True Enough For You

Check your thighs in the mirror, ma. I'm done.

Wednesday, April 20, 2005

Speak Your Truth! Save Our Bluths!

I am pretty outspoken, but I would never consider myself an activist. I would never really consider myself active, actually. And I don’t like to do too much charity work lately unless it involves getting my picture taken or a tax write off. Occasionally, I will work for food that comes after the work. (I am a sucker for a BBQ or pizza party, and if loving that is a crime, I am public enemy number one.) Sometimes an issue comes along that is so important, so profound that it cannot be ignored. Sometimes you have to speak out when it’s not the most popular thing to say. When a life is in peril, it is our responsibility as humans, citizens of the Earth, to do our duty to preserve it. That is why I call on all my friends and band together to help save the best show on television, Arrested Development.

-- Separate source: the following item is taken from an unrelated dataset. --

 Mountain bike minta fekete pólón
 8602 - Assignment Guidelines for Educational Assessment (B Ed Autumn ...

It is my Terri Schiavo; I am its Tom DeLay. And I don’t know what I will do if this bitch’s feeding tube isn’t inserted this time. I won’t go into how the show is brilliant with top notch performances, second to none-writing, jokes that are funny on three or four different levels and its tendency to reward viewers for paying attention. Any tv critic’s column can tell you that. It’s very special to me, and its death would make me a very, very sad panda. Click here, here and here to learn more.

Speaking of Tom DeLay, he was totally talking shit today on my sometimes homeboy, Justice Kennedy. Is this joker insane or what? He’s under investigation for about twenty or so violations of law and (if you’re allergic to oxymorons, read no further- and don’t try the jumbo shrimp!) Congressional ethics. You'd think boyfriend might want to keep a low profile. He thinks the fact that Kennedy researches on the internet constitutes being “outrageous.” Well then, that would make me more outrageous than Jem and the Holograms. And we all know that they were truly, truly, truly outrageous.

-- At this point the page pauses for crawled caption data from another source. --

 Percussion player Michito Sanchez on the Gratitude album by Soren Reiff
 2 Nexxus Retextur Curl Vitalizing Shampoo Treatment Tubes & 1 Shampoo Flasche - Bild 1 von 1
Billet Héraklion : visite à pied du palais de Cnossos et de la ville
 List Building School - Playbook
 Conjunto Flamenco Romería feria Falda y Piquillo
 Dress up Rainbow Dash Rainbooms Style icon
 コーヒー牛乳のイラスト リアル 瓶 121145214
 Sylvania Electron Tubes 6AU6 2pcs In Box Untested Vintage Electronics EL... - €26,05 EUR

Erin Elmore sightings!!! My friend KC has gotten to the bottom of the fired and fabulous chanteuse’s location. Allegedly, she is moving to the Fitler Square area, causing a flurry of activity in my inbox from an entertaining email chain, describing the sightings. She even attended the BBQ (which I love, see above) of one of her new neighbors. We have so many questions for her, it will be tough to admire from afar. God, give us strength. Things just got a little bit pinker on the west side of center city Philadelphia. More info to come.

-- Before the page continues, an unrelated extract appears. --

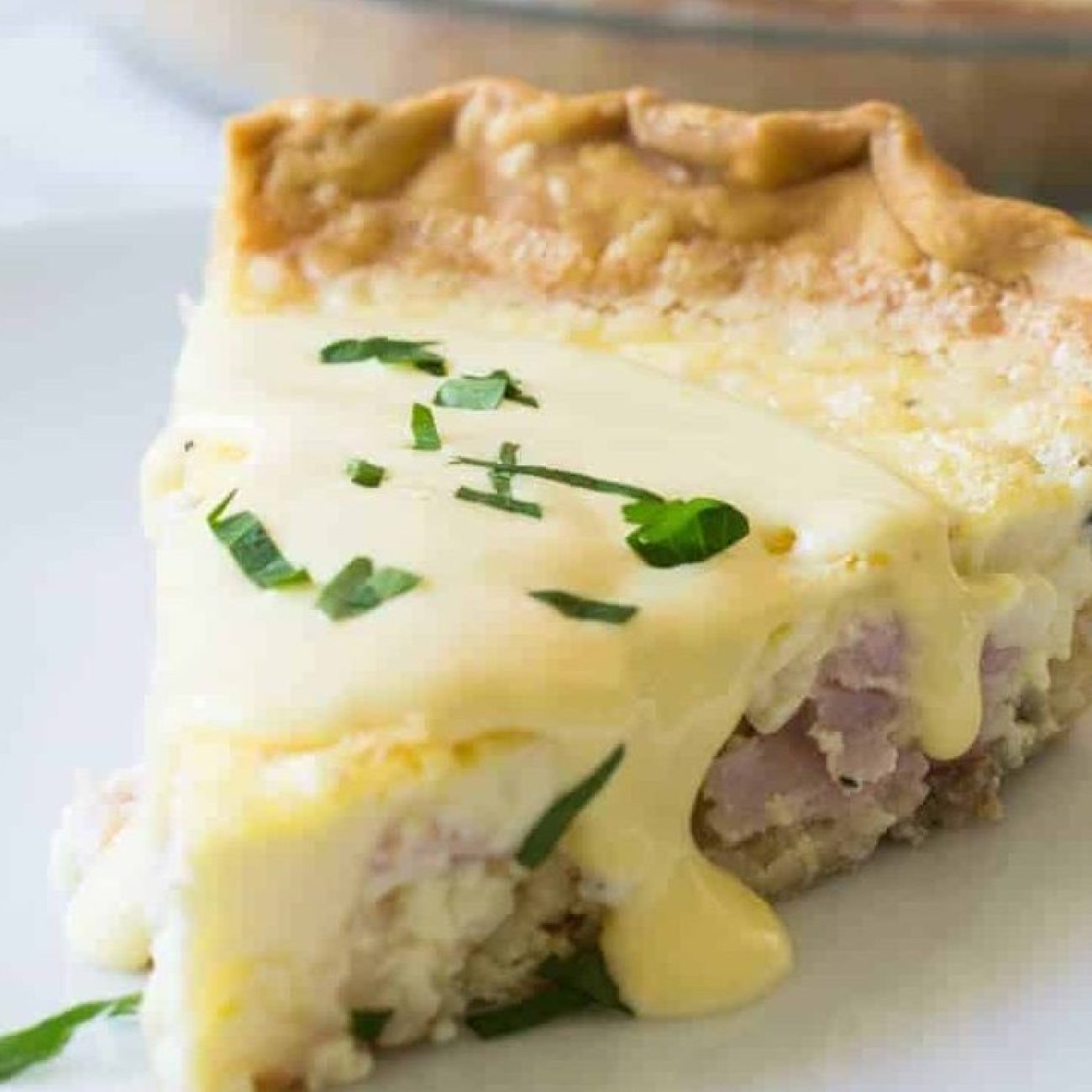 Eggs Benedict Quiche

In an age where the Internets (trademark George W. Bush) are the Special Olympics, it seems that blogs are hugs. That is, eventually everyone gets one. Courtesy of assclown, this is someone’s blog dedicated to everyone’s favorite emotion, irrational hate. And here is one that features Rosie O’Donnell speaking her truth; but there’s a catch, it’s all in the form of poetry! Seriously, what will lesbians think of next?

Nicest thing said about me in a long time: Sandy the secretary on the phone with her friend, ‘Let me tell you the truth, Zachy is definitely not remedial.” Maybe a bit presumptuous, but I appreciate the sentiment.